Stored data:
%%

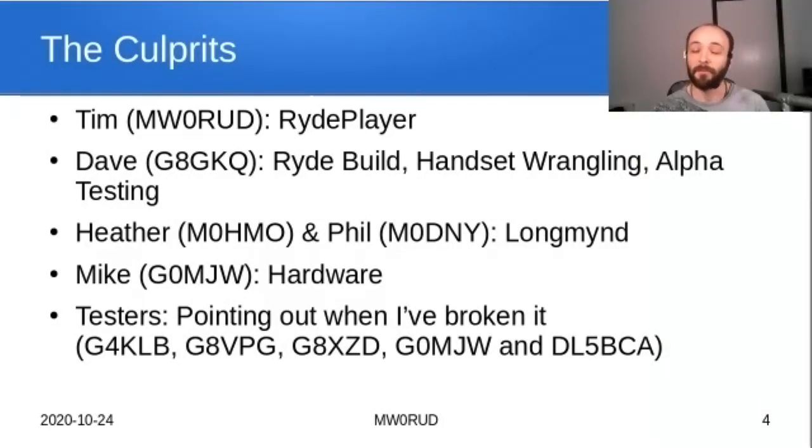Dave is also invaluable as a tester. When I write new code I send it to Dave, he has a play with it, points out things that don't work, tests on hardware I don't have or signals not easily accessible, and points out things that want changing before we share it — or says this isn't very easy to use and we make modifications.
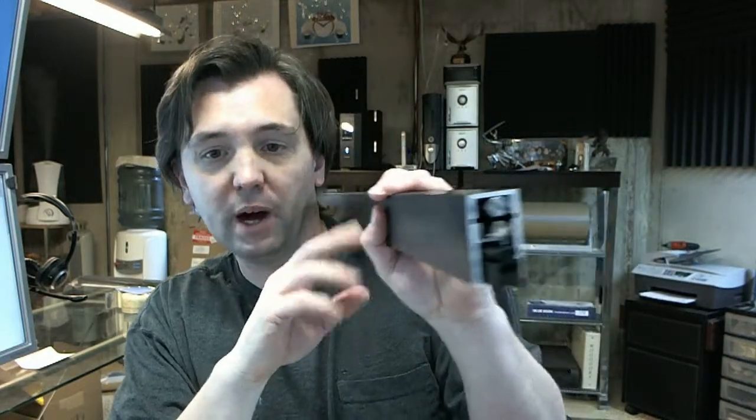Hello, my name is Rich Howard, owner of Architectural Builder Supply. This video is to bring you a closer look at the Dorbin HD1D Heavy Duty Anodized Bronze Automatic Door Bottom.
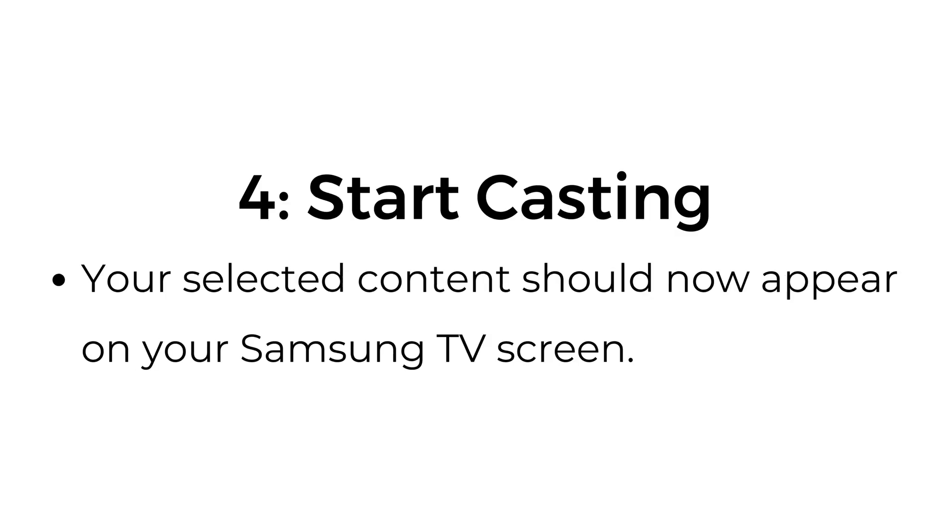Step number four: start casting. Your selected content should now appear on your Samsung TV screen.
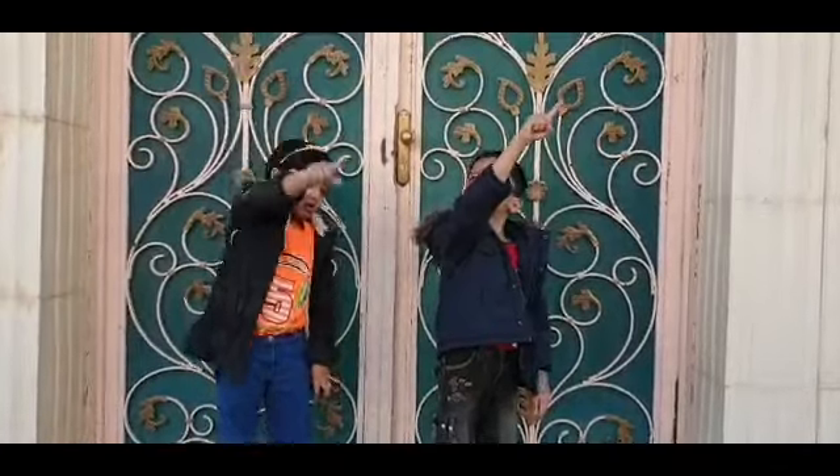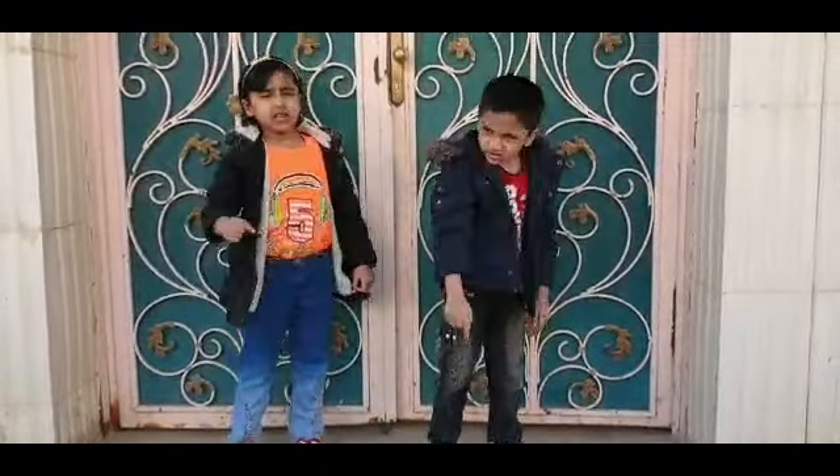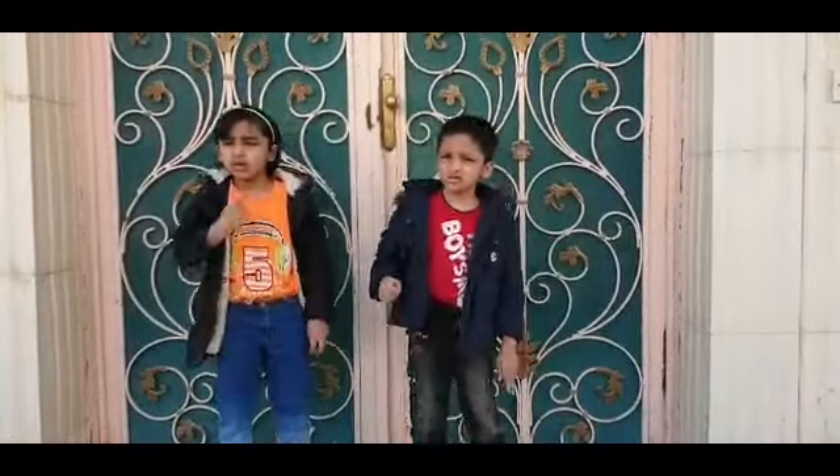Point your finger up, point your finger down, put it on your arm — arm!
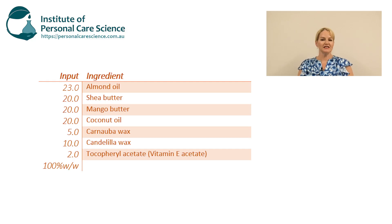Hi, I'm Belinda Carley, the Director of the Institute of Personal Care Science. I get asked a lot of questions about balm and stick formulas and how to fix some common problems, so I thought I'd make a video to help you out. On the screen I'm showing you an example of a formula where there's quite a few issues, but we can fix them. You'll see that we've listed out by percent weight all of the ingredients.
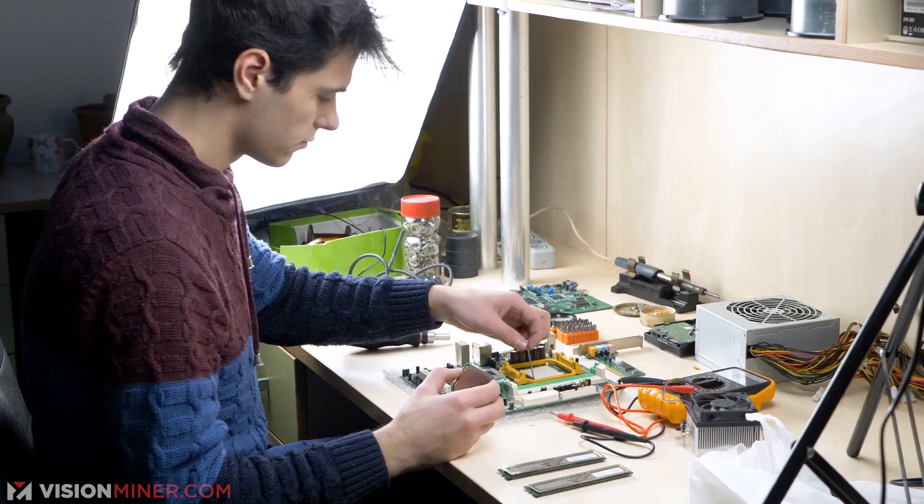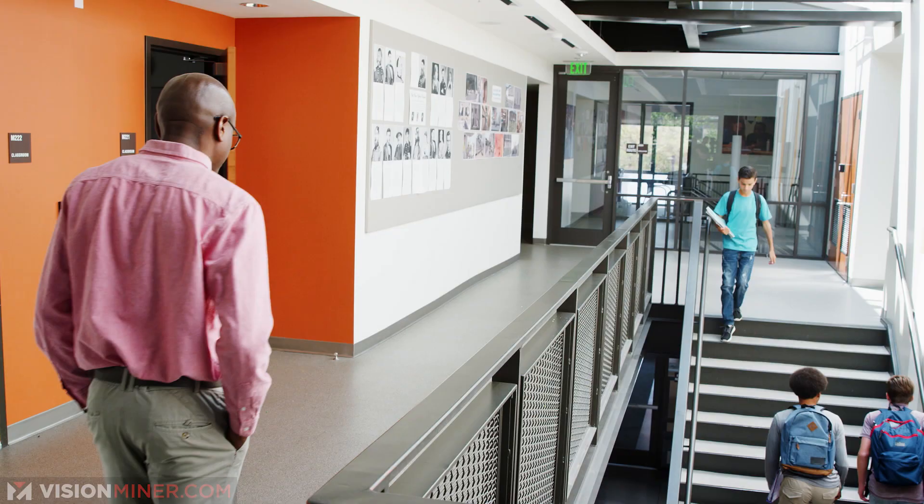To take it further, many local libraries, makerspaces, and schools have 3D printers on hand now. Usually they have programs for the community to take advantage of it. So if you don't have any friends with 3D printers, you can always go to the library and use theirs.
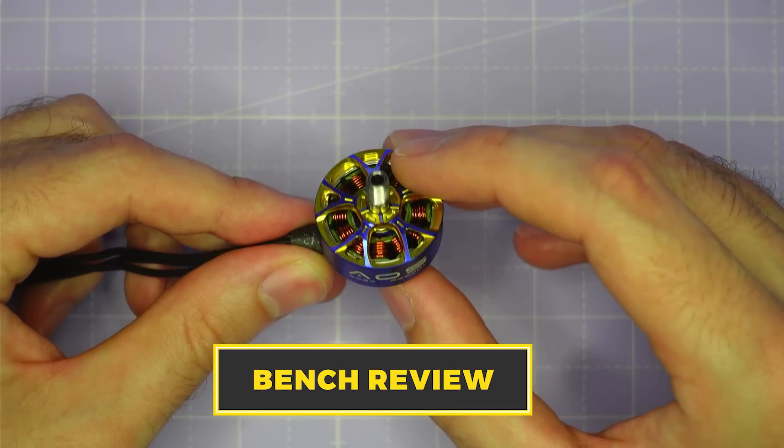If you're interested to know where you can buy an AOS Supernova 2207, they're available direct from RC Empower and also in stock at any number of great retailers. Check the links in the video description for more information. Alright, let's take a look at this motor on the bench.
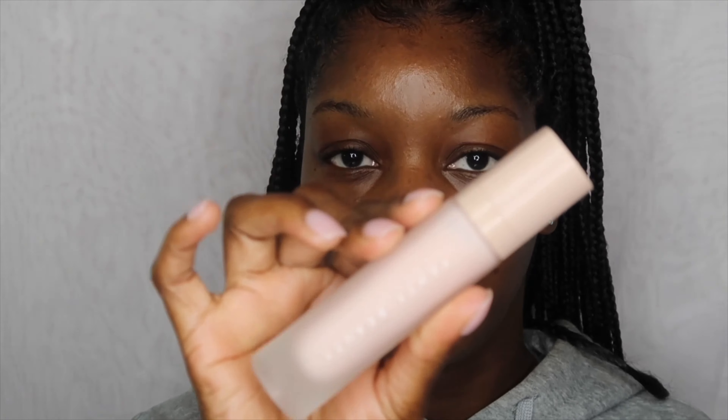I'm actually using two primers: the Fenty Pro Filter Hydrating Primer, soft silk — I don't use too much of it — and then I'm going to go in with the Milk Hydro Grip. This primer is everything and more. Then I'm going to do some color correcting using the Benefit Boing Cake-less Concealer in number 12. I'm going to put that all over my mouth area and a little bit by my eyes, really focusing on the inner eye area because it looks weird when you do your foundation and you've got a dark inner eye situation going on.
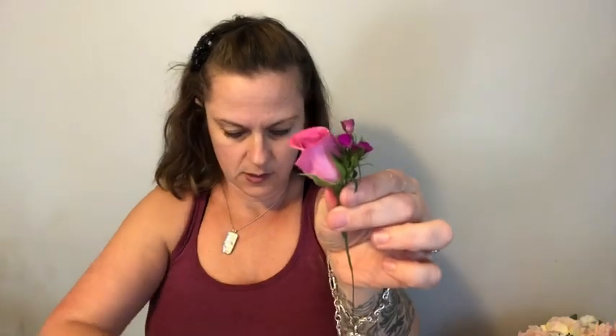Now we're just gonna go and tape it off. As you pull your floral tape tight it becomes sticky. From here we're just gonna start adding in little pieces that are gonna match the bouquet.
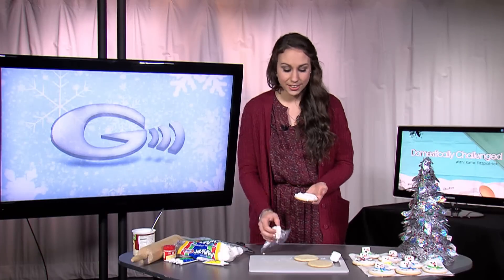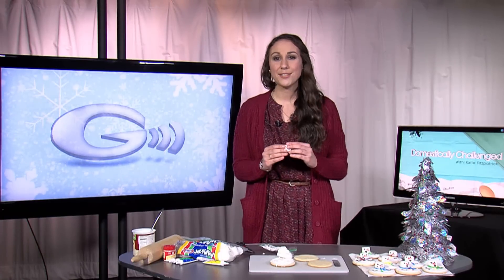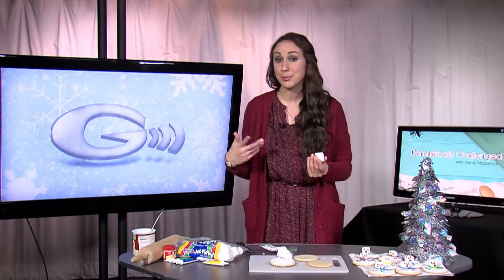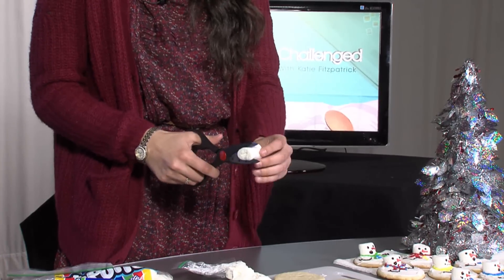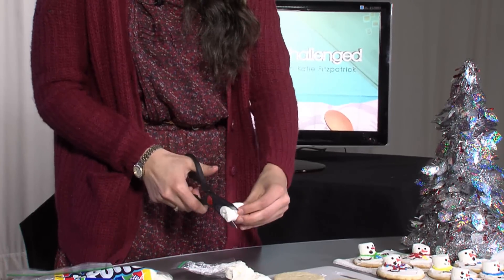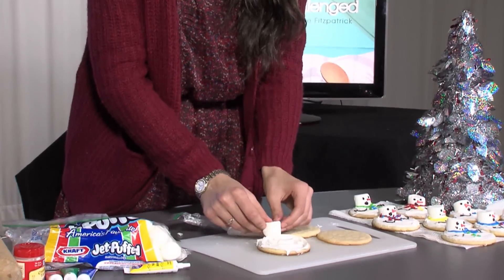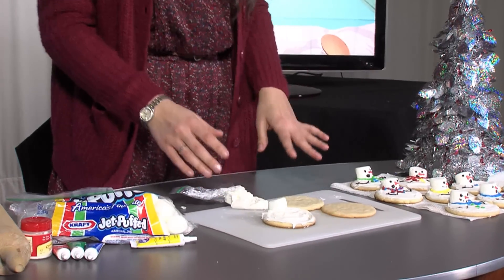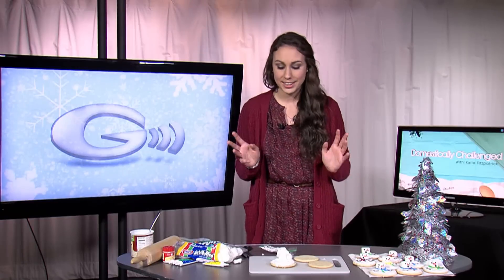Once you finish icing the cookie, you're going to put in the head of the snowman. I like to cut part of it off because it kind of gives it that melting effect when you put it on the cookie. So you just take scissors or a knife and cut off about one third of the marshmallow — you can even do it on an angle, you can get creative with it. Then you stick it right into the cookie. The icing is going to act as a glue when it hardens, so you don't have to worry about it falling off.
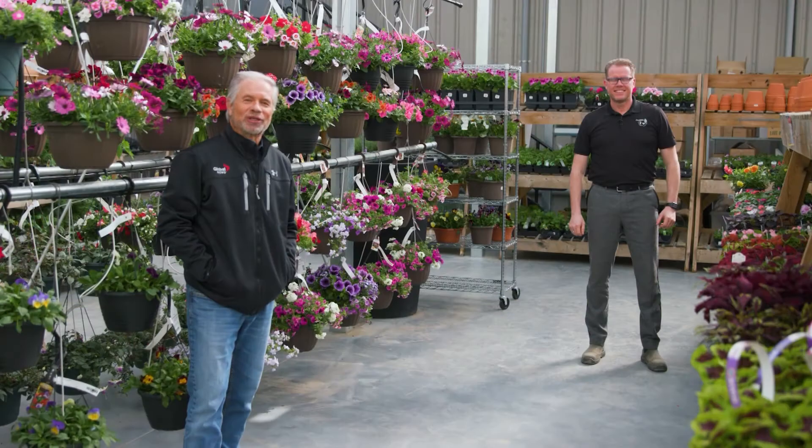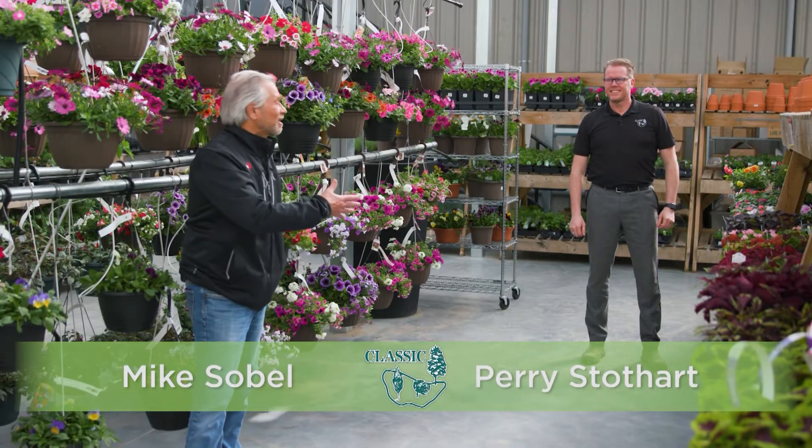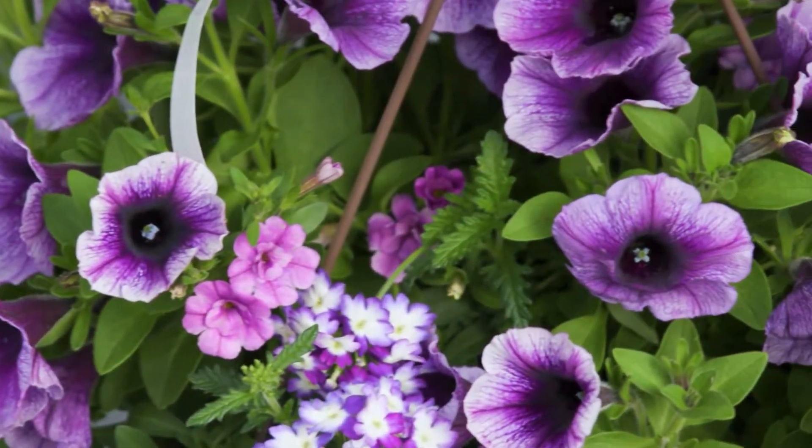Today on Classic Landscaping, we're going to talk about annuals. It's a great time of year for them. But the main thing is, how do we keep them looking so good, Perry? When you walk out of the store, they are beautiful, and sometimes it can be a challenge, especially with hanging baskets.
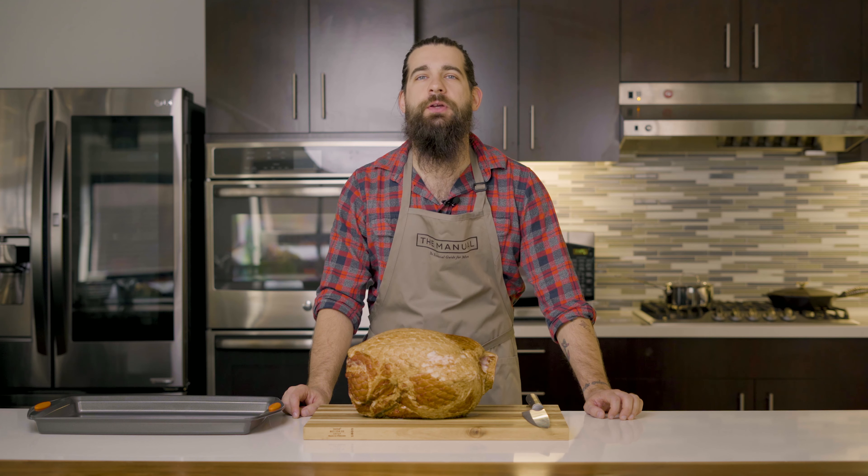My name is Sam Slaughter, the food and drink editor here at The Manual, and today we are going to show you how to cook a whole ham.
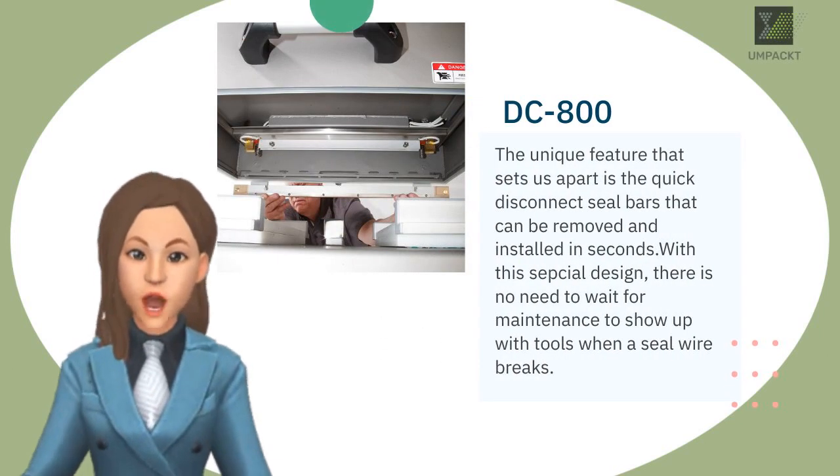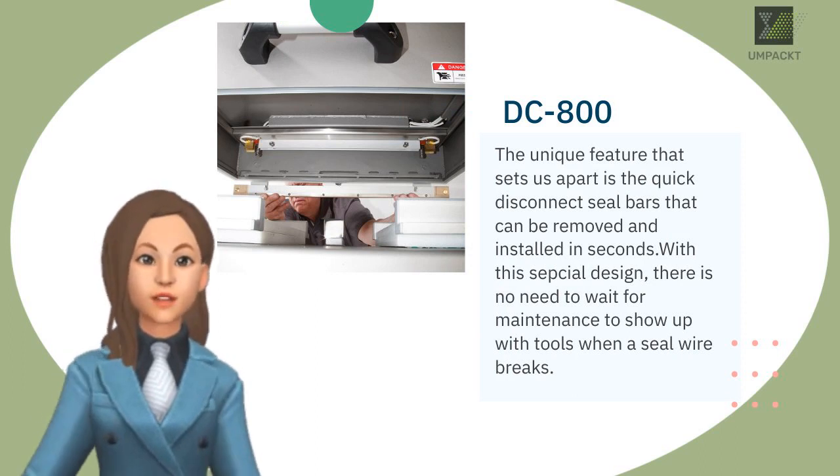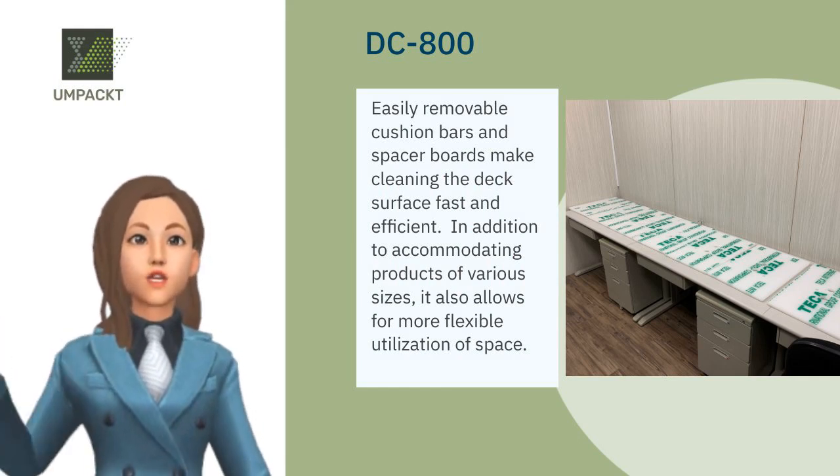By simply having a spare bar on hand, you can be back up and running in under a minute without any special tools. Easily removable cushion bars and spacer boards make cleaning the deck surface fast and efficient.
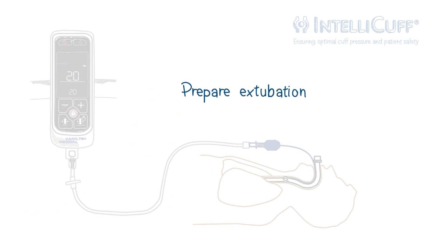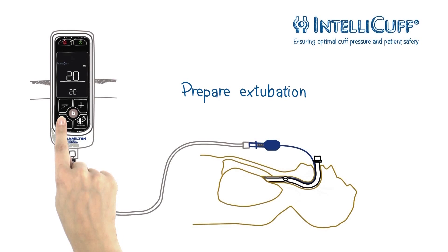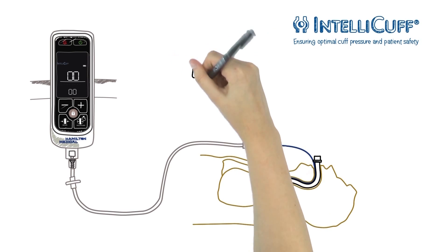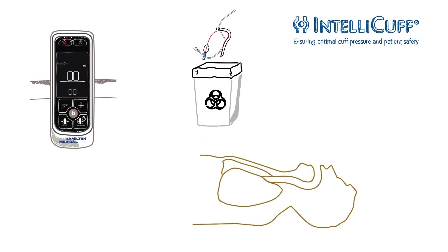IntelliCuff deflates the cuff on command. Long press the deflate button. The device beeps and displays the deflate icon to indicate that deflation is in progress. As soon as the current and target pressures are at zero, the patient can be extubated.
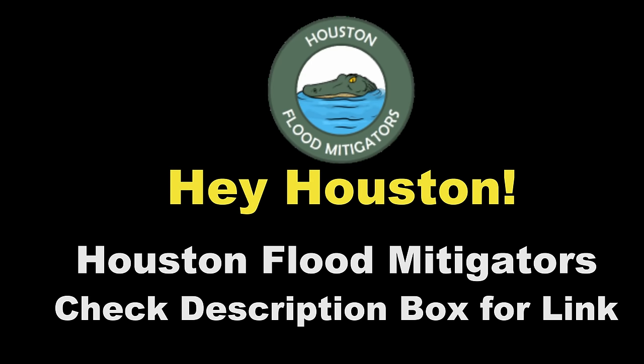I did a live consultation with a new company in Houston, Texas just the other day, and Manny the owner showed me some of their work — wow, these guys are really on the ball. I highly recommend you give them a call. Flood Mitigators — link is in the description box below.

%%

INSTRUCTIONS TO FOLLOW: An exact copy of the lines from the one with "My name is Sam" through the end of the entries above, both included, is the whole answer. It contains no pictures.

SOLUTION FOR THIS PROBLEM:
My name is Sam Slaughter, the food and drink editor here at The Manual, and today we are going to show you how to cook a whole ham.
By simply having a spare bar on hand, you can be back up and running in under a minute without any special tools. Easily removable cushion bars and spacer boards make cleaning the deck surface fast and efficient.
IntelliCuff deflates the cuff on command. Long press the deflate button. The device beeps and displays the deflate icon to indicate that deflation is in progress. As soon as the current and target pressures are at zero, the patient can be extubated.
I did a live consultation with a new company in Houston, Texas just the other day, and Manny the owner showed me some of their work — wow, these guys are really on the ball. I highly recommend you give them a call. Flood Mitigators — link is in the description box below.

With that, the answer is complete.